-- What you have to do --
Which lines run from the one with "CLIAKE' DETERGENTE ATTIVO PH 4.5 250ML" through the end of the data? Retype them exactly, without pictures.

Start of Data section

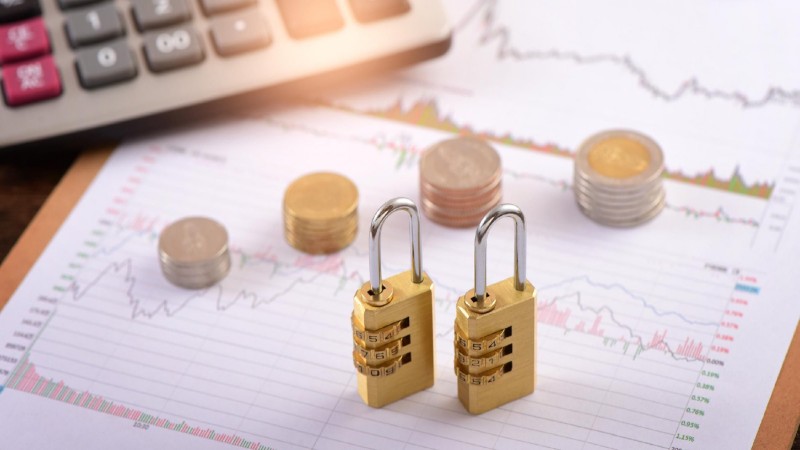 期货市场分析技术面与基本面对比 - ultima markets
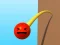 بازی Pokey Ball آنلاین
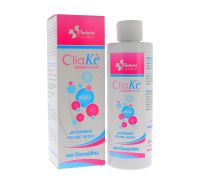 CLIAKE' DETERGENTE ATTIVO PH 4.5 250ML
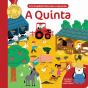 Enciclopédia Descubro e Aprendo 3 - Preview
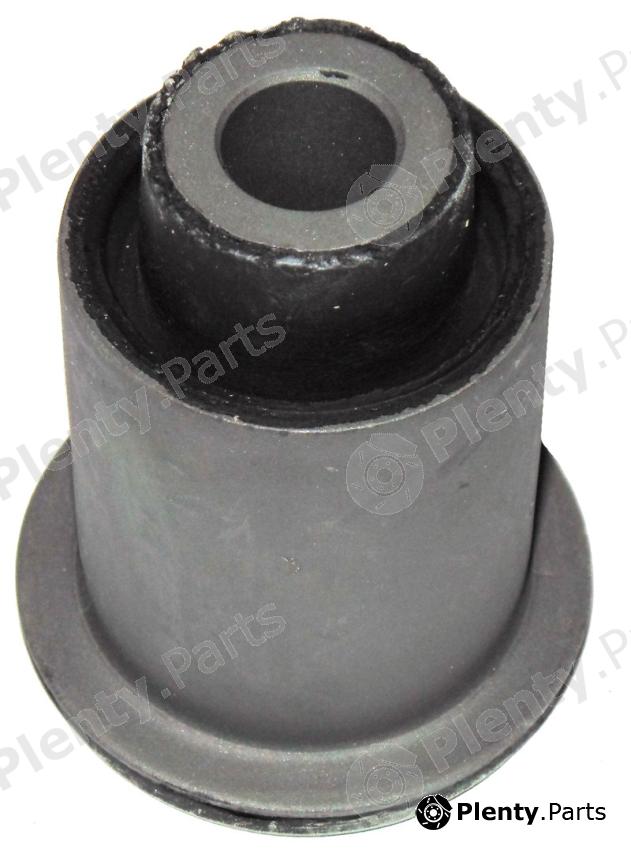  SAT part STMR510420 Replacement part
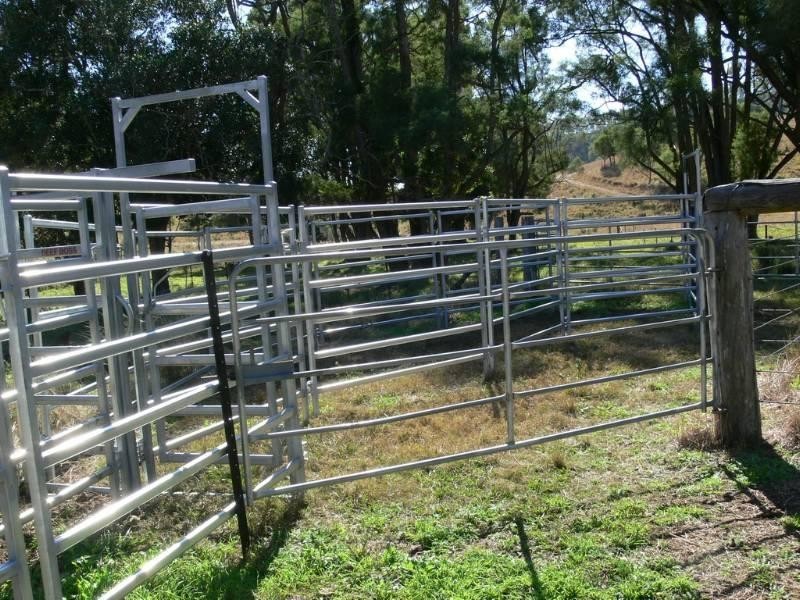 Esk QLD 4312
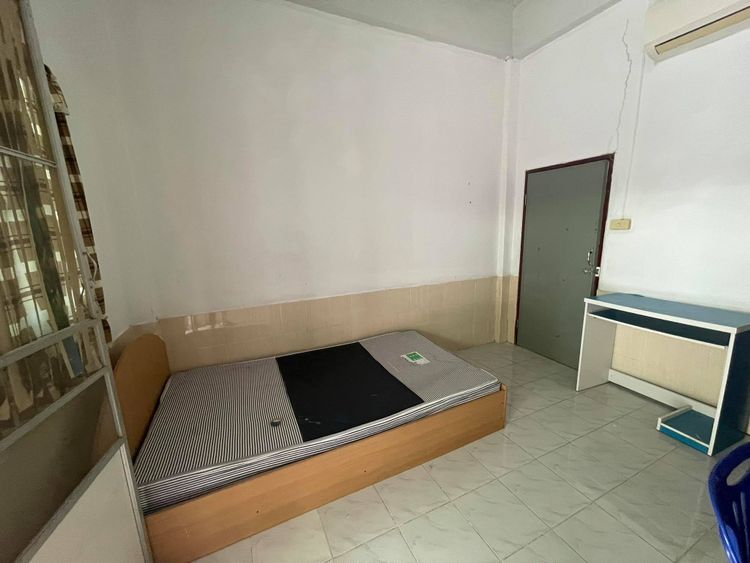 ภาพแบบห้อง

End of Data section

-- Your solution --
 CLIAKE' DETERGENTE ATTIVO PH 4.5 250ML
 Enciclopédia Descubro e Aprendo 3 - Preview
  SAT part STMR510420 Replacement part
 Esk QLD 4312
 ภาพแบบห้อง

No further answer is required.